TASK BRIEF: Below are some records. Write out exactly their lines from the one with "Renault Clio 145pk" through the one with "stul-uchenicheskiy-ekstra-nova-fanera-siniy-3", and leave the pictures behind.

DATA FOR THIS TASK:
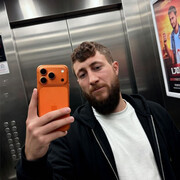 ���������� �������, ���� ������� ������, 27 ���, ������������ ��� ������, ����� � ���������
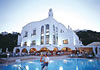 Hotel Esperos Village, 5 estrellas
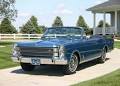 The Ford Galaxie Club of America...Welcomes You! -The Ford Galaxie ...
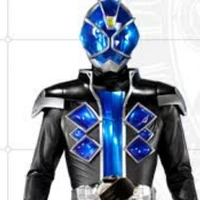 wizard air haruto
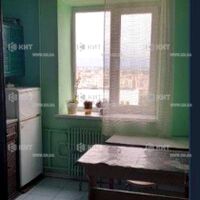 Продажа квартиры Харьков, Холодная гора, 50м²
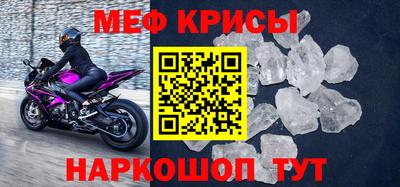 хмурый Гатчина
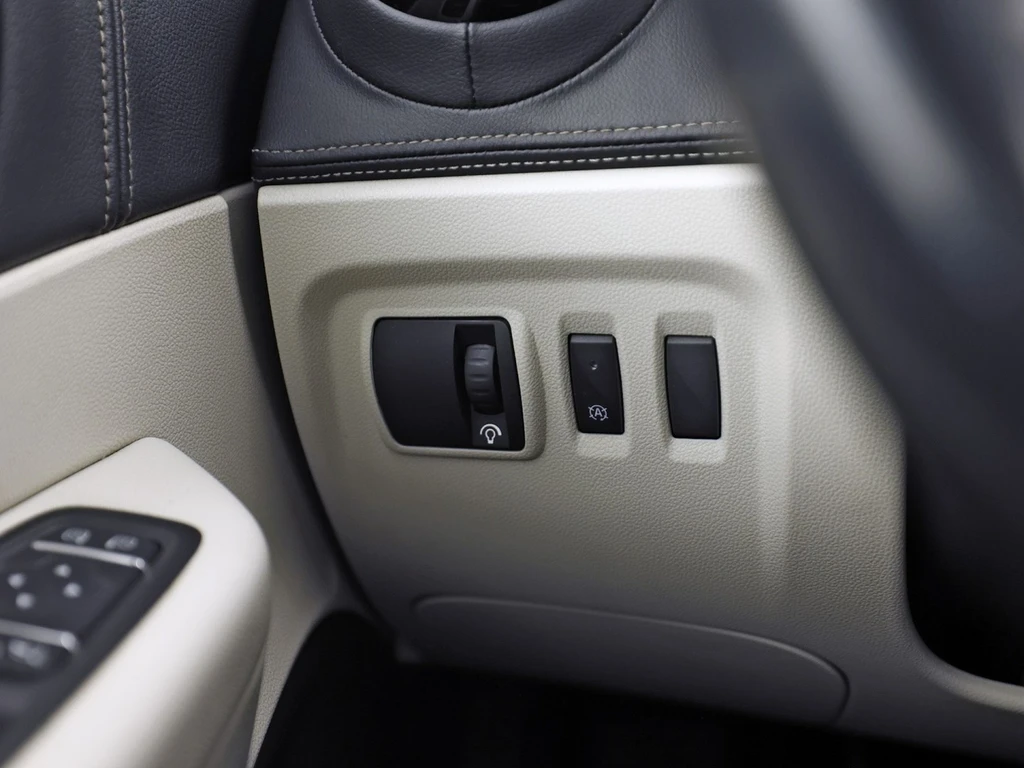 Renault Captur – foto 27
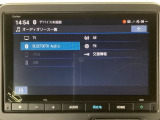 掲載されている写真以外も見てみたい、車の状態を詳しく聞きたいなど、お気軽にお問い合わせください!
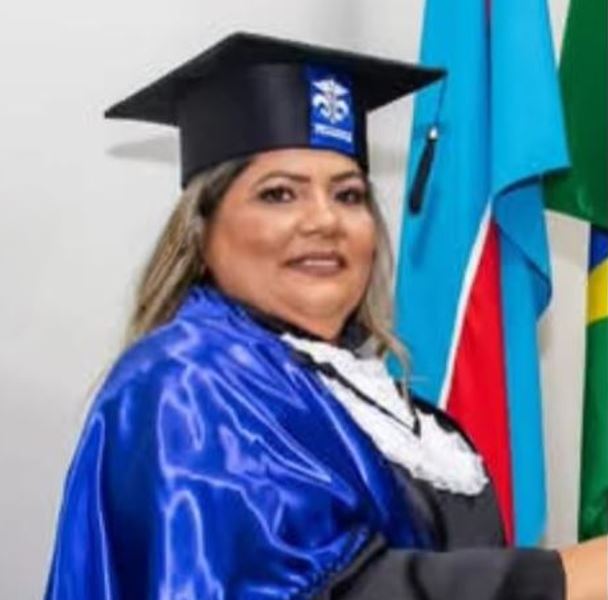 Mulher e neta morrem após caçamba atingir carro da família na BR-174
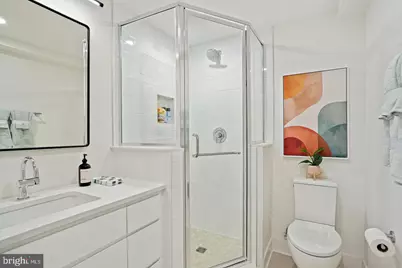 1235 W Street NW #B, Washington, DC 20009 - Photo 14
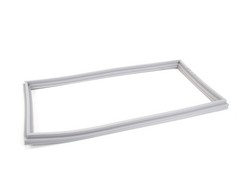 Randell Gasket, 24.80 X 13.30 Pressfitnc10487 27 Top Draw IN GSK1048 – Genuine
--
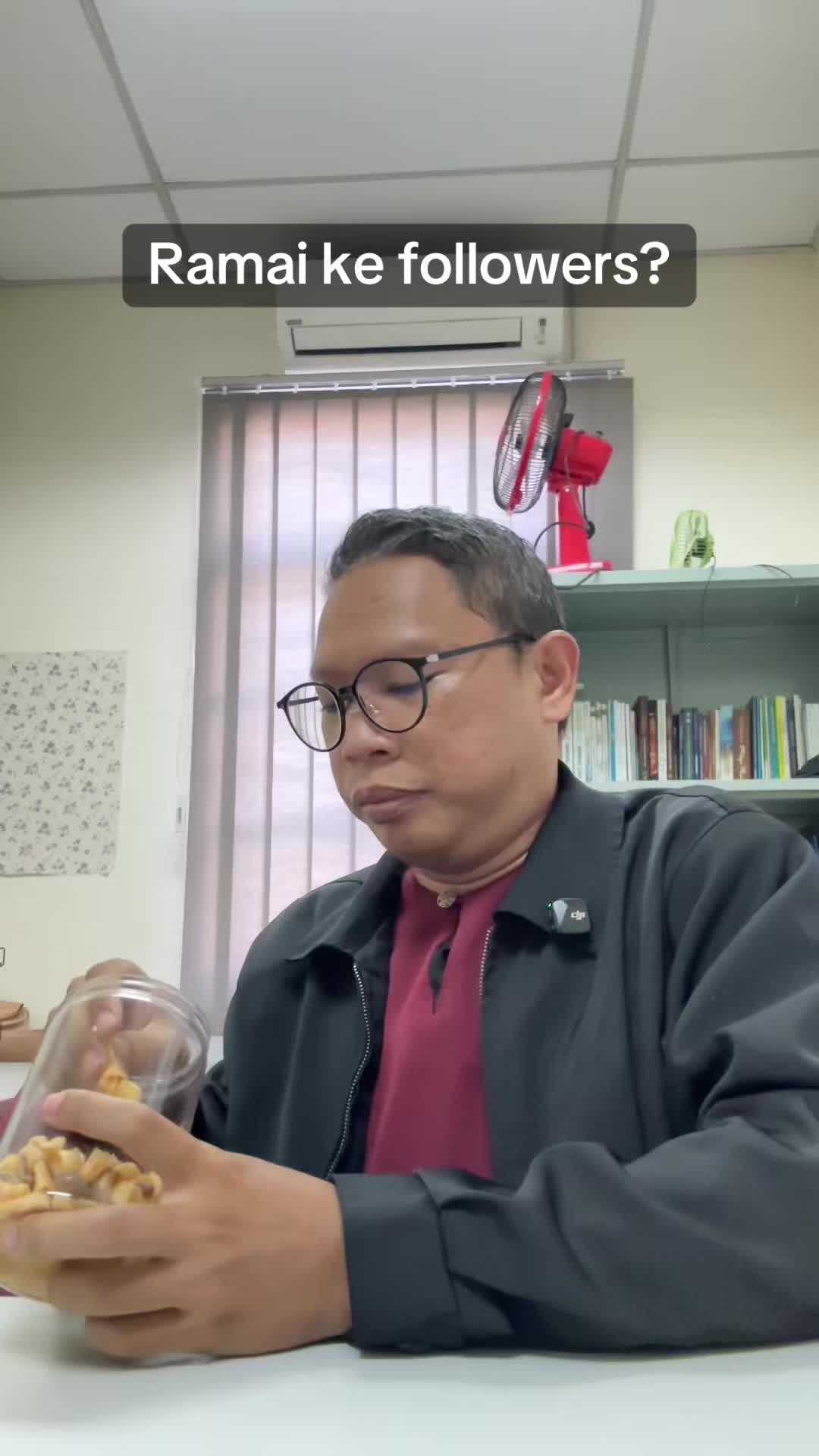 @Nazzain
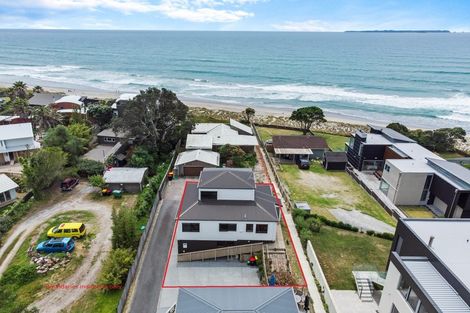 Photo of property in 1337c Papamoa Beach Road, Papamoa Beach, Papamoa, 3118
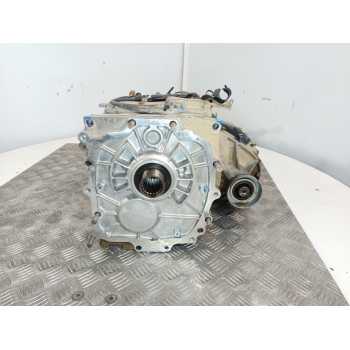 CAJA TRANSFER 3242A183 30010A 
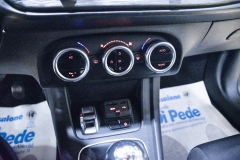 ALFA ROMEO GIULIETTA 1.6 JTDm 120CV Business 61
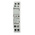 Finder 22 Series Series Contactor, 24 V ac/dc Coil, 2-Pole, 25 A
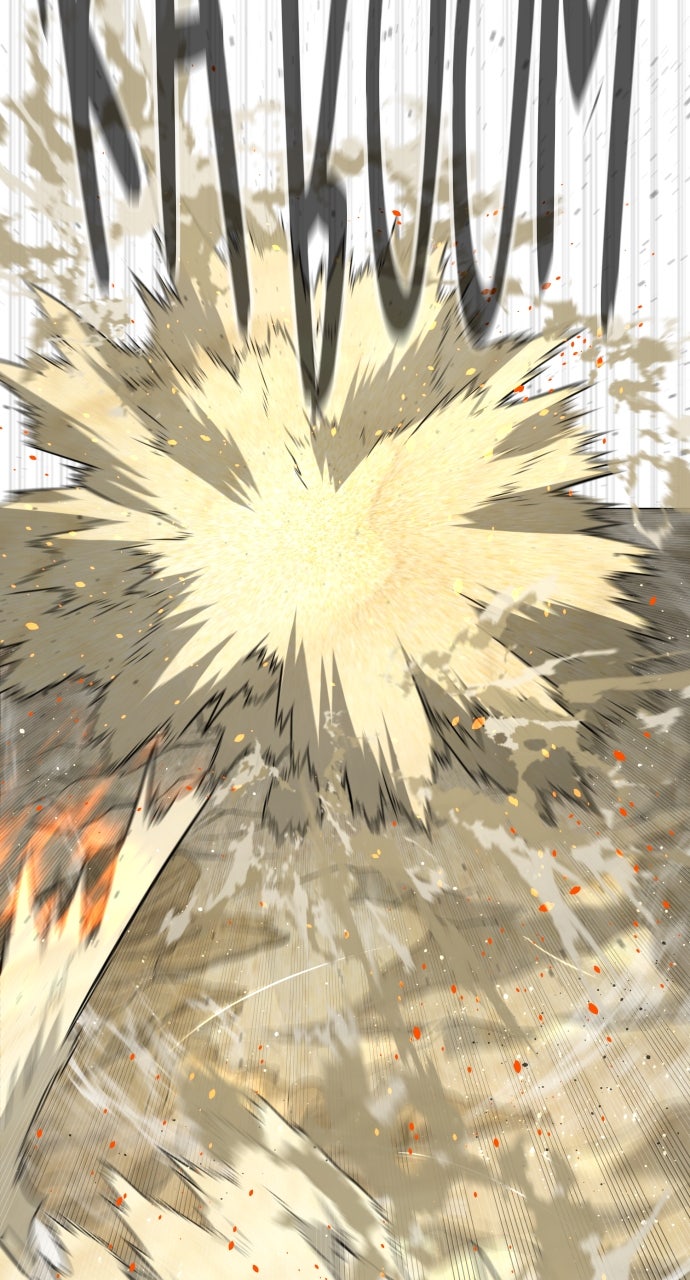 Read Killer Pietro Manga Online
* * *
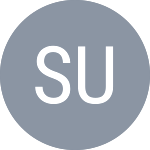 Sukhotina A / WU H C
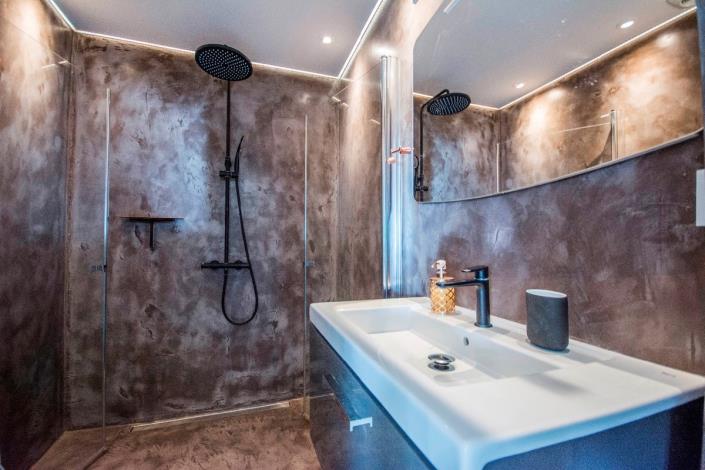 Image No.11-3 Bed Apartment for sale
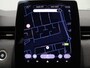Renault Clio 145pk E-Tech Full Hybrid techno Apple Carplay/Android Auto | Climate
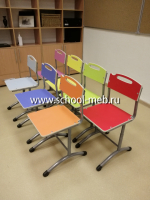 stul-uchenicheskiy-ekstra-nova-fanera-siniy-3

YOUR SOLUTION:
Renault Clio 145pk E-Tech Full Hybrid techno Apple Carplay/Android Auto | Climate
 stul-uchenicheskiy-ekstra-nova-fanera-siniy-3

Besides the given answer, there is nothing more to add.